Ein altmodischer Begriff, der aber genau das besagt, dass ich die Fährnisse des Lebens manchmal bis oft nicht beeinflussen kann – Gott ist und bleibt an vielen Stellen geheimnisvoll und sein Wille auch – ich kann mich aber dazu stellen, wie ich will. Entweder darauf vertrauen, dass sich in allem, dem Guten und dem Bösen, dem Gerechten und dem nach menschlichen Maßstäben Ungerechten etwas von seiner Lebenskraft zeigen kann = Gottesfurcht ODER ich bleibe in dem Modus: Wenn Gott mir nicht gibt, was ich meiner Meinung nach durch mein Verhalten verdient habe, dann ist er für mich gestorben.

Gottesfurcht oder schöner ausgedrückt: Gottvertrauen steht gegen den Wahn alles selber machen und können zu wollen und das auch noch perfekt. Gottvertrauen kann sich als fester Halt erweisen in schweren Zeiten. JA, ich bin krank, ja ich bin verletzt, ja mir wurde unrecht getan, ja ich weiß nicht wie es weitergehen soll, ja ich bin sehr traurig über diesen Tod, aber ich halte mich dennoch an Gottes geheimnisvoller Gegenwart in all dem fest. Die Kraft Gottes in mir wird mit Sicherheit nicht jede Krankheit, jeden Schmerz, jede Trauer beseitigen, zumindest nicht jeden Grund dazu, aber die Kraft Gottes kann mich zu neuen Gedanken bringen, dass ich aufhöre auf mein vermeintliches Recht zu pochen und da Energie zu verlieren. Ich kann mich der Kraft des Lebens in allem Leben dennoch anvertrauen und vielleicht sogar gerade, wenn es hart auf hart kommt.

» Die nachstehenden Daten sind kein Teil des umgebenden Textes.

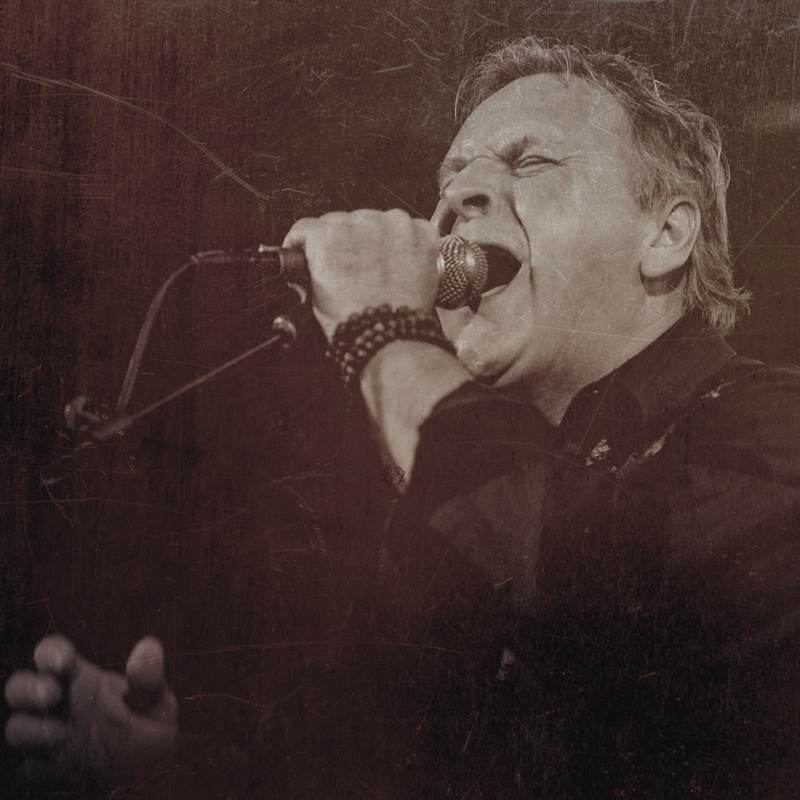 Renegade's lead singer mid-song, sepia live photo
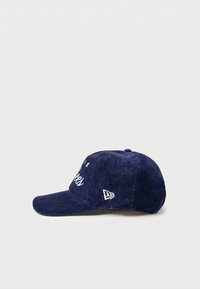 Navy blue cap made of textured fabric, featuring white embroidered lettering and a small logo on the side. Curved brim and six-panel design.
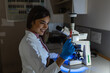 © Graphicroyalty - Smiling young female scientist examining a slide under a microscope in a dark lab, healthcare and medicine concept. Lab technician holding a sample plate for microscopic analysis and investigation.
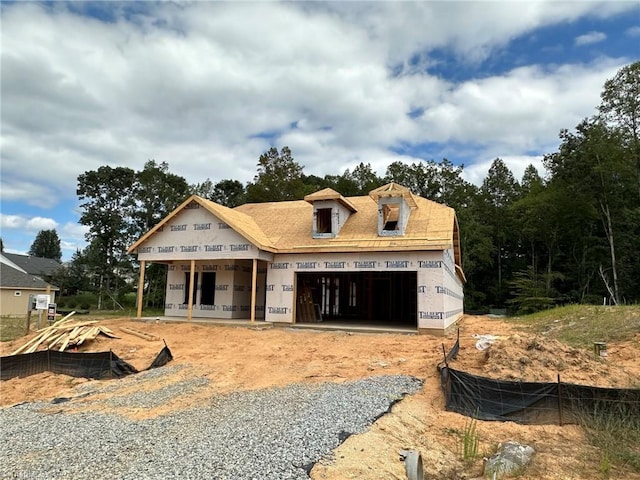 unfinished property featuring an attached garage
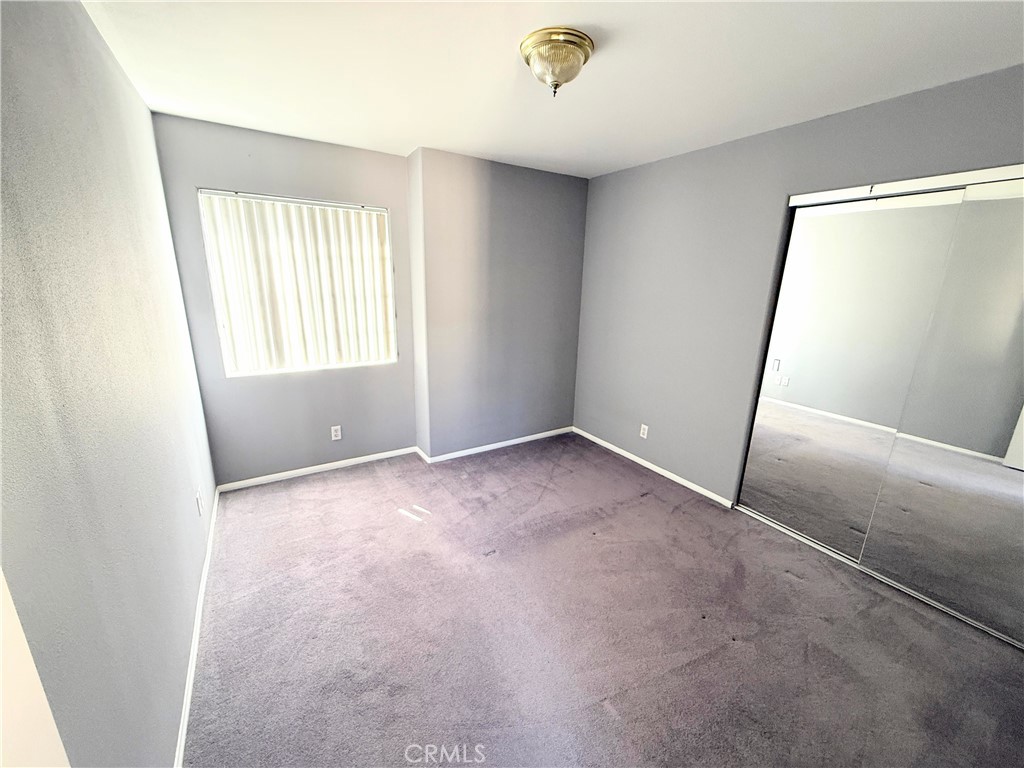 1230 Elm Avenue, Unit G San Gabriel, CA 91775 - Photo 24 of 33 an empty room with windows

Dann kann ich immer noch anprangern was Unrecht ist, kann trauern über das was traurig ist, kann schimpfen und leiden unter dem, was zu erdulden ist, aber ich habe dann eine Kraft an meiner Seite, die mich da drin hält, die mir hilft anzunehmen, was nicht oder nicht mehr zu vermeiden ist. Gottvertrauen kann mich dazu bringen, dass ich dem Leben wieder traue, auch wenn es nicht rund läuft, auch wenn ich vielleicht nicht die Gesundheit bekommen kann, die ich gerne hätte. Gottvertrauen kann mich mit der Dankbarkeit in Verbindung bringen, die auf das schaut, was da ist, den Blick weitet und wendet von dem, was mich oft niederdrückt. Ja da ist Leid, kann ich dann sagen, aber mein Leben liegt trotzdem in Gottes Hand bzw. da ist trotzdem noch so viel zum Danken.

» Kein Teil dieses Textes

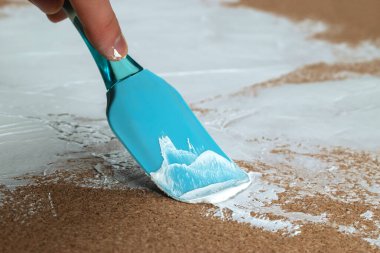 Bir adam beyaz alçıyı bir spatulayla sürer..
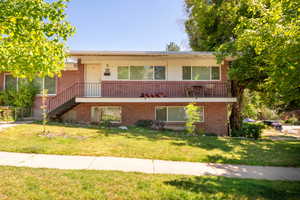 View of front of home featuring a front lawn, brick siding, and stairs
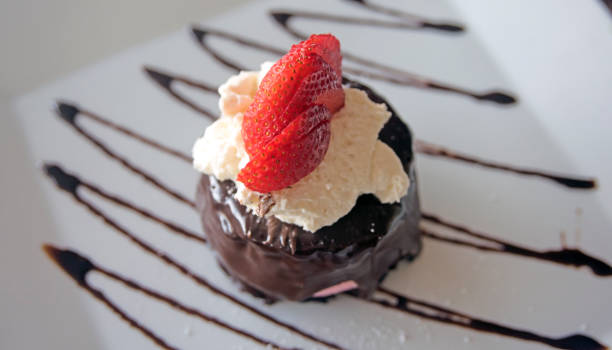 istock Chocolate Strawberry Whipped Cream Dessert on a White Plate with Chocolate Drizzle 1446563418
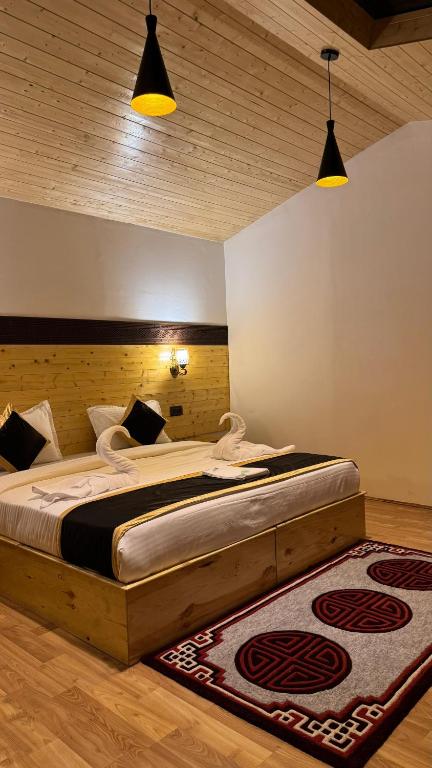 Postel nebo postele na pokoji v ubytování De Reeva Resort Pangong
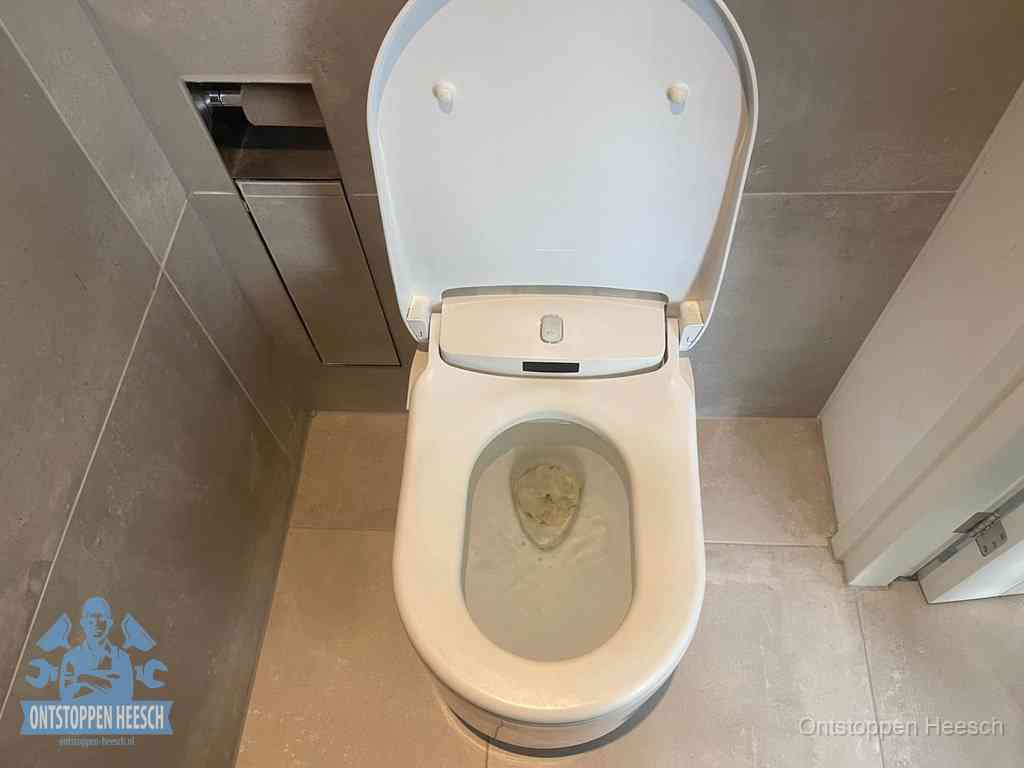 Een wit hangtoilet waarin een prop wc-papier op het water blijft drijven, een duidelijk signaal van een verstopte wc in Heesch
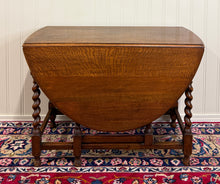 Load image into Gallery viewer, Antique English Large Table Drop Leaf Gateleg Barley Twist Oak Oval c. 1920-30s
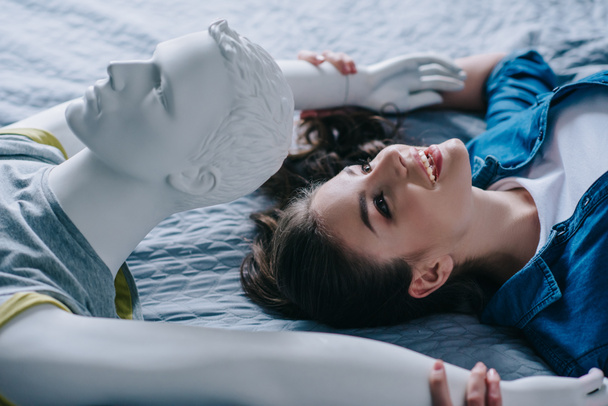 Zijaanzicht van de lachende vrouw en mannequin liggend op bed, eenzaamheid concept - Foto, afbeelding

Ich weiß schon, liebe Gemeinde, das ist manchmal in schweren Lebenszeiten viel leichter gesagt als getan und darum ist es ja auch gut, sich dies immer wieder mal sagen zu lassen, sich erinnern zu lassen, dass Gott trotz widriger Umstände doch da ist, dass wir oft nicht sofort mit irgendwas bestraft werden, wenn wir einen kleinen Fehler machen, dass Gottes Gerechtigkeit die Liebe ist, die er großzügig, ja verschwenderisch verteilt, wie man am Gleichnis von den Arbeitern im Weinberg sieht. Das hatte schon Martin Luther als die Befreiung schlechthin angesehen, die Befreiung vom Wahn, durch Werke der Gerechtigkeit, durch übermäßiges Fasten und Beten, durch unglaubliche Anstrengung Gott gnädig stimmen zu müssen. Gott tickt anders als Menschen, die man durch Wohlverhalten zur Gnade bewegen kann. Gott schenkt sich uns, mir in unter und trotz aller Umstände.

Das ist die gute Botschaft für heute. Wer Gott fürchtet wird sich auf jeden Fall richtig verhalten. Die Verbindung zur Kraft des Lebens, gibt uns die Kraft zu einem guten Leben und zur Gelassenheit in allem Perfektionsstreben und zum Aufstehen nach schweren Zeiten. Amen.